The Light At The End Of The Tunnel Is The Headlamp Of An Oncoming Train.

Celibacy Is Not Hereditary.

Murphy’s Golden Rule: Whoever Has The Gold Makes The Rules.

Beauty Is Only Skin Deep, Ugly Goes To The Bone.

No Matter How Long You Shop For An Item, After You’ve Bought It, It Will Be On Sale For Cheaper.

No One’s Life, Liberty Or Property Are Safe While The Legislature Is In Session.

Anything You Try To Fix Will Take Longer And Cost More Than You Thought.

A $300.00 Picture Tube Will Protect A Ten Cent Fuse By Blowing First.

If It Jams- Force It.

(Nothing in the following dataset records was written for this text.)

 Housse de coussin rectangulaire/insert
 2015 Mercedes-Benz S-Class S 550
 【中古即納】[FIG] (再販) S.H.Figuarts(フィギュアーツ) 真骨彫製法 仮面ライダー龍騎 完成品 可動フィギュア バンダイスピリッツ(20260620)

If It Breaks, It Needed Replacing Anyway.

Any Tool Dropped While Repairing A Car Will Roll Underneath To The Exact Center.

The Repairman Will Never Have Seen A Model Quite Like Yours Before.

A Pipe Gives A Wise Man Time To Think And A Fool Something To Stick In His Mouth.

When A Broken Appliance Is Demonstrated For The Repairman, It Will Work Perfectly.

Never Eat Yellow Snow.

Everyone Has A Scheme For Getting Rich That Will Not Work.

Never Play Leapfrog With A Unicorn.

A Smith & Wesson Beats Four Aces.

If Everything Seems To Be Going Well, You Obviously Don’t Know What The Hell Is Going On.

If More Than One Person Is Responsible For A Miscalculation, No One Will Be At Fault.

In Case Of Doubt, Sound Convincing.

Nothing Is As Easy As It Looks.

Never Argue With A Fool, People Might Not Know The Difference.

A Penny Saved Is Not Worth Very Much.

Living Well Is The Best Revenge.

The Chances Of Seeing Someone Who Knows You Are Dramatically Increased By Not Wanting To Be Seen.

Every Job Will Take Twice As Long As You Expect And Will Be Half As Lucrative.